Desde el terreno de la huapilla nos plantamos y empezamos a soltarle el hilo, y se elevó majestuosa… “¡Le zumba la carabina!”, exclamó el bembón con aquella satisfacción de quien había colaborado en el éxito.

“¡Suéltale el cáñamo Negrito… suéltale cáñamo!” Le di hilo… y hubo un momento en que la pandorga flotaba majestuosa sobre la copa del caimito, que era un arbolote enorme…

Es la cosa que tiene el éxito… se nos acabó el hilo, ¿Y ahora?… ¿La bajamos?

Volar alto era emocionante, pero cuando ya no hay más… se acaba el chiste.

“Aguántame Negrito… voy por hilo”…

El Chéchere sacó polvo con las patas prietas y callosas, se me perdió de la vista por el callejón de la cuartería… aquello merecía ir más lejos, más alto…

Regresó resoplando… los cachetes que se inflaban y desinflaban… El negro rostro en tono morado… la respiración agitada… “¡Échale Negrito!”

Me lo entregó y volvió a largarse corriendo.

Así estaba yo, con la mano izquierda que controlaba la pandorga…

con la derecha sosteniendo el nuevo carrete de hilo…

¿Y cómo voy a empatar el cáñamo?… imposible hacerlo solito, entonces aparecio El Negrón… mi ayuda providencial.

Venía cubriéndose los ojos del reflejo solar de aquella tarde con la mano como visera en la frente.

“Apá… ¿Me ayuda a empatar el hilo?”

Estaba orgulloso de su esquelético y negro retoño… ¡La hice volar!… ¡Vaya!… la primera pandorga y era un éxito.

Usualmente cauteloso, esa vez estaba tan emocionado que ni siquiera me preguntó de dónde había sacado ese hilo extra…

Rompió el hilo de mi pandorga para empatarlo con el nuevo… le puso saliva a un extremo, y justo entonces aparecieron… doña Chila y el Chéchere… ella lo traía de la oreja… “Muchacho cabrón… orita te voy a coser los huevos con el hilo que me robaste”.

“¿Él te lo dio?”

El Negrón tenía aquella expresión dura de sargento disciplinario…
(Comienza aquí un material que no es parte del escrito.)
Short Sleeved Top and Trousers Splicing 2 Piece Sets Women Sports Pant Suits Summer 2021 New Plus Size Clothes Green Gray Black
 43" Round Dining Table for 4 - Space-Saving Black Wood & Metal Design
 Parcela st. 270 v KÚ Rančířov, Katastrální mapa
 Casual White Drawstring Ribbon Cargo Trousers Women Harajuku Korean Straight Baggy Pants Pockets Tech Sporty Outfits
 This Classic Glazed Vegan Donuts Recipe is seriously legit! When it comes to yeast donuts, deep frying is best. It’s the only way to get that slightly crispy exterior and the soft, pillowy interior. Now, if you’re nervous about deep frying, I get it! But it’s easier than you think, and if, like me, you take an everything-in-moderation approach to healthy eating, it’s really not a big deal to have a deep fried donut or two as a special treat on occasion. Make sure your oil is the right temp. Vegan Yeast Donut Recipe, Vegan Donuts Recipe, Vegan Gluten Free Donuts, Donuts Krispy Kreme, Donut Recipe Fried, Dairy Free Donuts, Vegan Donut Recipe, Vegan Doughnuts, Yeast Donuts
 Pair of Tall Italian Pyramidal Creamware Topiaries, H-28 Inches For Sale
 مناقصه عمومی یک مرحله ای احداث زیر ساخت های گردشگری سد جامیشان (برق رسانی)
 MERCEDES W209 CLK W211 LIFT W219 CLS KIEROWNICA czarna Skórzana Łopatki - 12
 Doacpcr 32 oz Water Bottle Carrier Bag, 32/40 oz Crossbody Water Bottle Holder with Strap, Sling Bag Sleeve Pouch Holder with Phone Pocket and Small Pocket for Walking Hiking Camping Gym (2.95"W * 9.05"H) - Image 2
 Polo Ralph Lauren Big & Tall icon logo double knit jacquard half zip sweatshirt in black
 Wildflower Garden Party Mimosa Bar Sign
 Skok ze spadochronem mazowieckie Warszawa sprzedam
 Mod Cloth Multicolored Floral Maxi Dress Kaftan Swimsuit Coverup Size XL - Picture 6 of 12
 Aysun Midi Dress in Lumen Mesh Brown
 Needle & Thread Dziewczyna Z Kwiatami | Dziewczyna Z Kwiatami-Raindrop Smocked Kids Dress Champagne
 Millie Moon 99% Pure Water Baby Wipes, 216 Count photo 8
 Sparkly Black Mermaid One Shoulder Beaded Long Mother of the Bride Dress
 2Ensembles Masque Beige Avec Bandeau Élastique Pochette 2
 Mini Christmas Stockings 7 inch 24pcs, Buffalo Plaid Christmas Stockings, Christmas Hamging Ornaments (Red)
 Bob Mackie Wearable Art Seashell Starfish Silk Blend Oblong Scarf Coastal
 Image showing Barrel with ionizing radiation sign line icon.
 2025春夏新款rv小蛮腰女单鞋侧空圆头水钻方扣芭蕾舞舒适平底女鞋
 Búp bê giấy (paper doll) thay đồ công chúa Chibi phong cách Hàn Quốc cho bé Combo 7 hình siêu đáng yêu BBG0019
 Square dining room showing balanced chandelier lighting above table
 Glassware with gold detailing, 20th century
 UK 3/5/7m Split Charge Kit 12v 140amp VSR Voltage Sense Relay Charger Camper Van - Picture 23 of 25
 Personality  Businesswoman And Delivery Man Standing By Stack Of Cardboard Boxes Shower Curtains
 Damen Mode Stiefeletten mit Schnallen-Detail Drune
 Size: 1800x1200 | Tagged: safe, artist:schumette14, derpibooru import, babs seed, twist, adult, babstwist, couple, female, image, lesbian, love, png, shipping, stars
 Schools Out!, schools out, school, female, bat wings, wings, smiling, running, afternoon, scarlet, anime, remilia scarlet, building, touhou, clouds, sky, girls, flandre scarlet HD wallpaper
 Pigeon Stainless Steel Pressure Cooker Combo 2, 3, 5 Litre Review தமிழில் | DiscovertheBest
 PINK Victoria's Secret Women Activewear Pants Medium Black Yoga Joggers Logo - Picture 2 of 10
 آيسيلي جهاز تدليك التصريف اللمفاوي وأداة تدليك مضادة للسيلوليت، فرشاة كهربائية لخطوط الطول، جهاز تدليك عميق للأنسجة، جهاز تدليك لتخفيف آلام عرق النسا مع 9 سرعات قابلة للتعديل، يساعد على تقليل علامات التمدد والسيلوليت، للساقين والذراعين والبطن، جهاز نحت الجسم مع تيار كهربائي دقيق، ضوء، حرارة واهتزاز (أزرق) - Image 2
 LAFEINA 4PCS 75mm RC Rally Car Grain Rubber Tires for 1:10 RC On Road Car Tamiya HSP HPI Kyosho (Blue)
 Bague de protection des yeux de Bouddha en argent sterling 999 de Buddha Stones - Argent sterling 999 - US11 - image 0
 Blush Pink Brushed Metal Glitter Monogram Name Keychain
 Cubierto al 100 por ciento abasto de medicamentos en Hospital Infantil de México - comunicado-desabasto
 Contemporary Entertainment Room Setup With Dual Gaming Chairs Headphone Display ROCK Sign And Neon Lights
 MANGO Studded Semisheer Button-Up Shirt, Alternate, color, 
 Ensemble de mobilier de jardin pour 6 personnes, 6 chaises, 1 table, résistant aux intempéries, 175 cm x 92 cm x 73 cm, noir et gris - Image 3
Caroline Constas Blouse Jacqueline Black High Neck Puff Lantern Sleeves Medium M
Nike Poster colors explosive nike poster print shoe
¡Uta güira!… ¿Cómo se me olvidó decirle?… ¿Cómo se me ocurrió agarrar el hilo con la fama de ratón del Chéchere? “¡Te estoy preguntando!… ¿Te lo dio él?”

Sentí, palabra de niño… palabra de chamaco de cinco años… palabra de Pichojitos, que me iba a orinar… supe que se me iba a salir el agua…

Pero no era yo… era El Negrón quien tenía el hilo robado en la mano… ¡Bonita cosa!… ahora resultaba que estaba metido en un robo.

¡Y tan honrado él… tan lejano a los escándalos con las vecinas groseras!

Volteé para ver a Chéchere, a ver qué carajos se le ocurría…

“Sálvame jijo de tu rechinchurria… me van a cintarear”.

“Tío… tío… yo compré el hilo, doña Chilita me debe 25 centavos de unos mandados, y no me ha pagado”.

¡Ah qué bonita salvada!… si robar era malo, cobrar a lo chino era indecente…

“Mejor cállate el hocico”, tuve que intervenir, y de plano me oriné… ¡Ya qué!

Doña Chila le quitó el hilo a mi padre, quien no atinó a decir nada… de suerte que la vieja le tiraba el calzón desde hacía mucho.

“No se preocupe Lonchito… no se preocupe… ya conozco a este chamaco…

A ver si mañana o pasado me viene a arreglar la lavadora, y haga de cuenta que nada pasó”.

Yo estaba congelado… miado… asustado… y ni cuenta me di cuando solté el hilo de la pandorga.

Volví a la realidad cuando Chéchere gritó… “¡La pandorga… la pandorga… no mames… no mames!”

Se fue haciendo chiquita… chiquitita… se fue desmayando en el cielo, cayendo en reversa… “Va para la bimba”, dijo el bembón. Yo me fui de puntitas, con una oreja sujetada por El Negrón que no hablaba…

Dos horas después yo estaba sollozando todavía por la cintariza…

Chéchere estaba sollozando con los pedazos de la pandorga en las manos.

El Negrón nos trajo un vaso de agua de arroz, para signar la paz.

“Pa la otra aprendan”…

“Uno vuela hasta 'onde da el hilo… si a fuerza quieres más, terminas como tu pandorga”.